Scraped caption text data:
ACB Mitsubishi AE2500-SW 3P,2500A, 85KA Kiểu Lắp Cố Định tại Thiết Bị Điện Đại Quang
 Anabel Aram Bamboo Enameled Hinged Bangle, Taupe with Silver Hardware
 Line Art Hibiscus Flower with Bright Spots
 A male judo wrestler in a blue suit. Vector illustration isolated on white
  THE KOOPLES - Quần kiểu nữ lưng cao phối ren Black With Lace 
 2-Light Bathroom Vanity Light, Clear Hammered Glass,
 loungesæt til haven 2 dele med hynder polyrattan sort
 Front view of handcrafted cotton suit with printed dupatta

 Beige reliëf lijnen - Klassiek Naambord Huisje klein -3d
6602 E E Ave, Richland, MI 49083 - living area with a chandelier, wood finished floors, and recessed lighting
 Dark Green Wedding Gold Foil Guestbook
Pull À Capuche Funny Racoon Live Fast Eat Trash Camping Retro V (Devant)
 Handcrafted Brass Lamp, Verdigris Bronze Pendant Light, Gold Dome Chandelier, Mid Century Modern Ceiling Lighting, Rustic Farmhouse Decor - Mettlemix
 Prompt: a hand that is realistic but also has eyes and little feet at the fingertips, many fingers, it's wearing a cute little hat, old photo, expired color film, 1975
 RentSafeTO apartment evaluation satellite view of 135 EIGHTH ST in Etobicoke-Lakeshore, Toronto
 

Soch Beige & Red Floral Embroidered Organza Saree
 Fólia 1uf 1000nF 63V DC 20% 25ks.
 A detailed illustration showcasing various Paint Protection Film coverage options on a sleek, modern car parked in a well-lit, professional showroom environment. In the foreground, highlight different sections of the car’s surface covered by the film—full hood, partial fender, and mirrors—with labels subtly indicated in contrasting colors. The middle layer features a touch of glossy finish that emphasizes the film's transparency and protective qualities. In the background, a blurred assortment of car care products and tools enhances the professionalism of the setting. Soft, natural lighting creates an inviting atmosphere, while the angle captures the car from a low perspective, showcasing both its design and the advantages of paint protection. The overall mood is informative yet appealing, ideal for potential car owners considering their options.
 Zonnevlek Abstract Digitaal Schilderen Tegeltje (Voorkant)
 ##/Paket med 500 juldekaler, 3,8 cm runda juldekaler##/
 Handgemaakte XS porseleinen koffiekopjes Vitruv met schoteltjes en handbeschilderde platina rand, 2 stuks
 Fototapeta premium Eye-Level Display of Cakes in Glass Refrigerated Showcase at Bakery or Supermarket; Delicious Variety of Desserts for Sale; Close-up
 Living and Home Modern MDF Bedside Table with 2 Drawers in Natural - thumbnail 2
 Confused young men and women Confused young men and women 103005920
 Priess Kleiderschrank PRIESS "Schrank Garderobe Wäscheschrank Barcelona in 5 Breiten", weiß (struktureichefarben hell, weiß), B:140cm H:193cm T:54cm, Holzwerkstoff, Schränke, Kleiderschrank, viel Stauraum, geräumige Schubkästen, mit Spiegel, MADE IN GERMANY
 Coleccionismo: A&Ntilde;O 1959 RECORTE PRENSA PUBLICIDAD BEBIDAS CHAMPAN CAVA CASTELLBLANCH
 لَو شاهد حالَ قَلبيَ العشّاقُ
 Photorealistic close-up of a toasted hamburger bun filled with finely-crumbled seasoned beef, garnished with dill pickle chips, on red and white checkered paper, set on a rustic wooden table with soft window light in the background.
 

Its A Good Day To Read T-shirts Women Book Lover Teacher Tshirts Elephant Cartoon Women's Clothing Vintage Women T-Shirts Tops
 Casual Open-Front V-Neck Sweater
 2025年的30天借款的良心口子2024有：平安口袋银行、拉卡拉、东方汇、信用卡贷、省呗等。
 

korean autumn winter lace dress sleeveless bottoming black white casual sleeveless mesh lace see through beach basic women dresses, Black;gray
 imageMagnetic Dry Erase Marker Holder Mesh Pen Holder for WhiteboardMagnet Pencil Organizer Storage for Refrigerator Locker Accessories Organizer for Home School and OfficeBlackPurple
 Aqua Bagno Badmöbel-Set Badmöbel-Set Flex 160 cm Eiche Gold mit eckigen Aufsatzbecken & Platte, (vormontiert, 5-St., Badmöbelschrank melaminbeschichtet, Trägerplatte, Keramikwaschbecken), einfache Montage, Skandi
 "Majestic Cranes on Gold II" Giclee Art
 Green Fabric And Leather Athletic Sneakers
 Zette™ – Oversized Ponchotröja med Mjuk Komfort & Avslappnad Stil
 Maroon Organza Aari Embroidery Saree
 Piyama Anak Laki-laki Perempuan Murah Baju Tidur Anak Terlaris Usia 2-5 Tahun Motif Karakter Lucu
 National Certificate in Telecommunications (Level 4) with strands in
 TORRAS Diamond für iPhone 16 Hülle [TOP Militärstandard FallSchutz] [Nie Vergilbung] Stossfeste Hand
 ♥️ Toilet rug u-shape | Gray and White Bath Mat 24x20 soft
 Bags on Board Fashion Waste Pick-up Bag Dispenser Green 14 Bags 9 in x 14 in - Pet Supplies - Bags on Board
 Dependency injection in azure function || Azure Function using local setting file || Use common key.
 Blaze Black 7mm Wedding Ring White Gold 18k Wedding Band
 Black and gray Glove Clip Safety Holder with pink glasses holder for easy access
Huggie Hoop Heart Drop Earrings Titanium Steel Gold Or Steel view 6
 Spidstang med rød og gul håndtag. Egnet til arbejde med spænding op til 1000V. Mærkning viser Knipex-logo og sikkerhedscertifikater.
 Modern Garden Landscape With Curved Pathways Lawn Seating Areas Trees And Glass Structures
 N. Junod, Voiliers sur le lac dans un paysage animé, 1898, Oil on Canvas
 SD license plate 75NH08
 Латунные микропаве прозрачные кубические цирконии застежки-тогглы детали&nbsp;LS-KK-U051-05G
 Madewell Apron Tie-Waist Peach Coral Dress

## The task
All lines from the start of the entries through the line where "A male judo" sits should be duplicated exactly, with nothing else in the output.

## Expected answer
ACB Mitsubishi AE2500-SW 3P,2500A, 85KA Kiểu Lắp Cố Định tại Thiết Bị Điện Đại Quang
 Anabel Aram Bamboo Enameled Hinged Bangle, Taupe with Silver Hardware
 Line Art Hibiscus Flower with Bright Spots
 A male judo wrestler in a blue suit. Vector illustration isolated on white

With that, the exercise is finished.